# 510 Drip tips for 22mm RDA like Citadel or Venna



## CTRiaan (5/2/19)

Does anybody know where I can find drip tips that will fit something like the Citadel or Venna?

I can't use the supplied ones without burning my lips!

Reactions: Like 3


----------



## lesvaches (5/2/19)

CTRiaan said:


> Does anybody know where I can find drip tips that will fit something like the Citadel or Venna?
> 
> I can't use the supplied ones without burning my lips!


like the one @KZOR has in his review of the citadel?

Reactions: Like 1


----------



## CTRiaan (5/2/19)

lesvaches said:


> like the one @KZOR has in his review of the citadel?


Yes or even smaller, as long as it takes into account that the part that it fits into is raised above the rest of the cap.

Reactions: Like 2


----------



## Silver (6/2/19)

Paging @Christos - maybe he can advise you @CTRiaan

Reactions: Like 2 | Thanks 2


----------



## Christos (6/2/19)

Silver said:


> Paging @Christos - maybe he can advise you @CTRiaan


The problem is the Citadel and venna have a slightly raised lip for the drip tip so you would need a taller drip tip with the exact width of the raised lip otherwise the drip tip will have overhang. e.g. of lip.

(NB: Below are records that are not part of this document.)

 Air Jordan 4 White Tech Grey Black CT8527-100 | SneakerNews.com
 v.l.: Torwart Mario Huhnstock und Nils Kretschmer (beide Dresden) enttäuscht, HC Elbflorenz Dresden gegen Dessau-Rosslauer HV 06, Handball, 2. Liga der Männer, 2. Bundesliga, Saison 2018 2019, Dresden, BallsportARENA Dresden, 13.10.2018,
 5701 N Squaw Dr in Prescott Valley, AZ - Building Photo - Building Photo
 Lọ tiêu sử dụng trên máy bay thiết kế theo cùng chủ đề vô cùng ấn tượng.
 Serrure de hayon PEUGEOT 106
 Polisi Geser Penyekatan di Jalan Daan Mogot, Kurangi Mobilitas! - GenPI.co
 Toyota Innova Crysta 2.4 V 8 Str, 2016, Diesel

Apologies @Ash but your image shows the overhang beautifully. (Image courtesy of @Ash - Taken without his permission)





Locally, these tips may be better but also may be too short.
https://crafted-coils.myshopify.com/collections/drip-tips/products/510-drip-tips-standard
Best is to ask @akhalz about them.

Alternatively, you could go shopping here : http://siammods.com/510-drip-tips
Just dont pull a @Rob Fisher and buy them in every colour! (I still need to buy a few of these but Im scared I will end up with more tips than i will need in a lifetime  )

Reactions: Like 1 | Winner 2


----------



## CTRiaan (6/2/19)

Thanks, @Christos.

Haha, one or two will be enough for me.

Reactions: Like 1


----------



## Christos (6/2/19)

CTRiaan said:


> Thanks, @Christos.
> 
> Haha, one or two will be enough for me.


I made the mistake of looking at the siam tips... Now I want all of them

Reactions: Like 2 | Agree 2


----------



## M.Adhir (6/2/19)

You can also check signature tips (UK based)- the hadaly tip should fit the citadel perfectly. 

In these pics- the blue and black wider tips are Hands Tips, 510 (become a bit tough to find recently though).

The narrower blue tip is a steel inner tip which was from Vape Hyper, and is slightly longer than most of the standard 510 tips I've used. Fits the Hadaly/citadel with no overhang.

Reactions: Like 2 | Thanks 1


----------



## Silver (8/2/19)

Christos said:


> The problem is the Citadel and venna have a slightly raised lip for the drip tip so you would need a taller drip tip with the exact width of the raised lip otherwise the drip tip will have overhang. e.g. of lip.
> 
> 
> 
> ...



Great explanation and very insightful @Christos !

I sense a thread one of these days called "Christos' Siam Mods drip tip adventures"
Sounds quite saucy, lol

Reactions: Like 1 | Funny 1


----------



## Christos (9/2/19)

Silver said:


> Great explanation and very insightful @Christos !
> 
> I sense a thread one of these days called "Christos' Siam Mods drip tip adventures"
> Sounds quite saucy, lol


I think 'how to be perpetually poor by Christos' is more appropriate

Reactions: Like 1 | Funny 2


----------



## Grand Guru (9/2/19)

CTRiaan said:


> Does anybody know where I can find drip tips that will fit something like the Citadel or Venna?
> 
> I can't use the supplied ones without burning my lips!


You could alternatively try the ultem cap. It looks quite nice and solved my same issue with the Citadel.

Reactions: Like 2 | Thanks 1


----------